Why is the voltage across a capacitor and the current across an inductor continuous?

If the voltage across a capacitor was discontinuous the charge on the capacitor would be discontinuous which would mean a transfer of charge in an infinitely short period of time i.e. an infinite current.

A similar argument applies for an inductor except this time a discontinuous change in the current would imply an infinite rate of change of current which for an inductor would mean an infinite induced emf opposing the change producing it.


Farcher's answer is correct, but I would like to expand a bit on a point that is frequently unclear to students.

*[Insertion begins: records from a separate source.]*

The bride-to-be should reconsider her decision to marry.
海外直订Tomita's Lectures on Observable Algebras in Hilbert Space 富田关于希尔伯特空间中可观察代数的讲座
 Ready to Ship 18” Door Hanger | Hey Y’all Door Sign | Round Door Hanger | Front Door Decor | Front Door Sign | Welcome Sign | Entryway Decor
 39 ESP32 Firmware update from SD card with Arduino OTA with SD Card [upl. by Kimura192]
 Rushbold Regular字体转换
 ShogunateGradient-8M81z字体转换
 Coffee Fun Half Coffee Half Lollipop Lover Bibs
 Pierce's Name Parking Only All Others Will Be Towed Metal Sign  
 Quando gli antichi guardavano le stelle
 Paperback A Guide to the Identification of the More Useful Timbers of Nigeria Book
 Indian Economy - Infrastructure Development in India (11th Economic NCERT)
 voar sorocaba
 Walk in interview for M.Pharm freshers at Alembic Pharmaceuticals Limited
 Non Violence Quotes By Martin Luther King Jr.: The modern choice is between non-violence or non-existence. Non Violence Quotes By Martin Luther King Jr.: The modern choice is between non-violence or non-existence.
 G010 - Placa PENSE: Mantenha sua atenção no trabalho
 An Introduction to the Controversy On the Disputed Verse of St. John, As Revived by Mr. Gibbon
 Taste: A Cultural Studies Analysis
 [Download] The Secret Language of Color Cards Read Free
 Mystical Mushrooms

Circuit theory deals with mathematical models of electric circuits and elements. For circuit theory, a capacitor is a two-terminal element defined by the constitutive relationship

$$i = C\frac{\mathrm{d} v}{\mathrm{d} t},$$

where $C$ is the capacitance, $v$ the voltage across the capacitor terminals, and $i$ the current crossing the capacitor.

In the definition above, there is something missing: what kind of functions are $v$ and $i$? The common, implicit, assumption is that $v$ and $i$ are real functions of real variable of whatever type needed for the above equation to make mathematical sense. In this case, if $v$ is differentiable at time $t$ – for the above equation to make sense – it should be continuous at $t$ too, for a a well-known theorem of mathematical analysis.

However, we can allow for possible discontinuous voltages if we extend the relationship to distributions. Such an extension can be convenient in certain cases, but of course one should be cautious in the interpretation of the results. Another generalization that is frequently employed in circuit theory is that of considering $v$ and $i$ as complex-valued functions (or distributions).